■ EXERCISE DETAILS ■
Check each line of the entries. Copy the ones that contain the string "Ford".

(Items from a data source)
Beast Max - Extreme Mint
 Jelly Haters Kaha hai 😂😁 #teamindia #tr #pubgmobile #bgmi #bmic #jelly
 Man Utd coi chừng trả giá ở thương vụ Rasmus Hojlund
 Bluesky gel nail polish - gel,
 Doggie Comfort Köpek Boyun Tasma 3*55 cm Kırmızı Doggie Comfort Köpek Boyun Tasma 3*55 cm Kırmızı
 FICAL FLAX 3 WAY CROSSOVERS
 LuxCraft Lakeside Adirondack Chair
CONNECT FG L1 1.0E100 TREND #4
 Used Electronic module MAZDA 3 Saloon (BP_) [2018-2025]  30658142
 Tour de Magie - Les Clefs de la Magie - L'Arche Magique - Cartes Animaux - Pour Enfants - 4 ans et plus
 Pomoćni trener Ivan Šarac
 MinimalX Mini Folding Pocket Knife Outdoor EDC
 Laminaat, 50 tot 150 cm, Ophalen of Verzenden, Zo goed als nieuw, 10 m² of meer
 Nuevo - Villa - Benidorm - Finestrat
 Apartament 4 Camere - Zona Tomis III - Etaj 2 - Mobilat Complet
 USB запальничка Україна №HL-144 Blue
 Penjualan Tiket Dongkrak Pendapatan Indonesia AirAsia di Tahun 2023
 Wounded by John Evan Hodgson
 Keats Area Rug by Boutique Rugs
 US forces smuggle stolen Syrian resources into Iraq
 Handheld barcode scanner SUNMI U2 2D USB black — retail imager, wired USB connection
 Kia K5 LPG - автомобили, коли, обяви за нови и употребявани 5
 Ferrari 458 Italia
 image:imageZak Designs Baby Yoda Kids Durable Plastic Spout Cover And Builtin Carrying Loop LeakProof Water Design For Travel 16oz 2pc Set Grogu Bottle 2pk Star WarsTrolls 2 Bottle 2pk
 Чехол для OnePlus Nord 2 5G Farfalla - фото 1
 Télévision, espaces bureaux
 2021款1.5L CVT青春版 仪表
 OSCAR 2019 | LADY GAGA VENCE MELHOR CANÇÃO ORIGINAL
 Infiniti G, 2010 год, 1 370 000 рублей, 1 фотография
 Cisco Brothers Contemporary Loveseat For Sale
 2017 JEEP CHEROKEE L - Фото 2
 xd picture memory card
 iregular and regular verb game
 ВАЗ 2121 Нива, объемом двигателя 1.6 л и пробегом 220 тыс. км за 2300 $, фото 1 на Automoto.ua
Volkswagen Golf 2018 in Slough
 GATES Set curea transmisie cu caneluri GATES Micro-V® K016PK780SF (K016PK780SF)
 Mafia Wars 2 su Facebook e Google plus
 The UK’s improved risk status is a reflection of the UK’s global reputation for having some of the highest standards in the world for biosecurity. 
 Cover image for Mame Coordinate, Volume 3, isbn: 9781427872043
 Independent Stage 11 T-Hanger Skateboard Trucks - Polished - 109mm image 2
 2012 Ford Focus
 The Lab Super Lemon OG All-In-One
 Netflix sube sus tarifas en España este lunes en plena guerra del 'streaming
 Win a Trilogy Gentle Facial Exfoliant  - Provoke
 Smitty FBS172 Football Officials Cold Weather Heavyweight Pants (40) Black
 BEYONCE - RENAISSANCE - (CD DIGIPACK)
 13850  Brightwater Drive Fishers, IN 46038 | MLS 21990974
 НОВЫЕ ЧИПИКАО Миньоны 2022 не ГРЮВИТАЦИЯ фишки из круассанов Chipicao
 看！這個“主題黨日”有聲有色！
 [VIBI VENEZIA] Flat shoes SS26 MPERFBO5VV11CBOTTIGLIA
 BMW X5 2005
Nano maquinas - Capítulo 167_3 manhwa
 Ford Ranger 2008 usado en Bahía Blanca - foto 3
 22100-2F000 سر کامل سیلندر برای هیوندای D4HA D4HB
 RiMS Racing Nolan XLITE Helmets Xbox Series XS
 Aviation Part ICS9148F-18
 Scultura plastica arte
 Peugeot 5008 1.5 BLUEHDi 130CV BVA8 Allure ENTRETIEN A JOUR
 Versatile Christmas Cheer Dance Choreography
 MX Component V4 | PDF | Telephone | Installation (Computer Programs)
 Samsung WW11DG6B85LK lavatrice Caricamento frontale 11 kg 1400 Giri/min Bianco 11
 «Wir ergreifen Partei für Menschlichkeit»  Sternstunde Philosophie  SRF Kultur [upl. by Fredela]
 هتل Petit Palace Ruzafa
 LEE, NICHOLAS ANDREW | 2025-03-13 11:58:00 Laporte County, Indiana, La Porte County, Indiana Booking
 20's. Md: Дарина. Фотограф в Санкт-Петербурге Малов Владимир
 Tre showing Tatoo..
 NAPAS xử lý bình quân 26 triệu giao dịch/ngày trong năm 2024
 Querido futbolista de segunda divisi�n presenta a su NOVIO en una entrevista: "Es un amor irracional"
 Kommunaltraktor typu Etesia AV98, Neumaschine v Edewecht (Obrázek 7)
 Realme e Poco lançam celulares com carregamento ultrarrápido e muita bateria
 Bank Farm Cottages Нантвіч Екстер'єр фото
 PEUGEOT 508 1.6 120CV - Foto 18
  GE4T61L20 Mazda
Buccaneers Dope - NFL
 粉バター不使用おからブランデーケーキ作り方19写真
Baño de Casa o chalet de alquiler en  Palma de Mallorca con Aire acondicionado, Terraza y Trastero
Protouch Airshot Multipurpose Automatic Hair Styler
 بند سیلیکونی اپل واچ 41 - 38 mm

■ RESPONSE BELOW ■
 2012 Ford Focus
 Ford Ranger 2008 usado en Bahía Blanca - foto 3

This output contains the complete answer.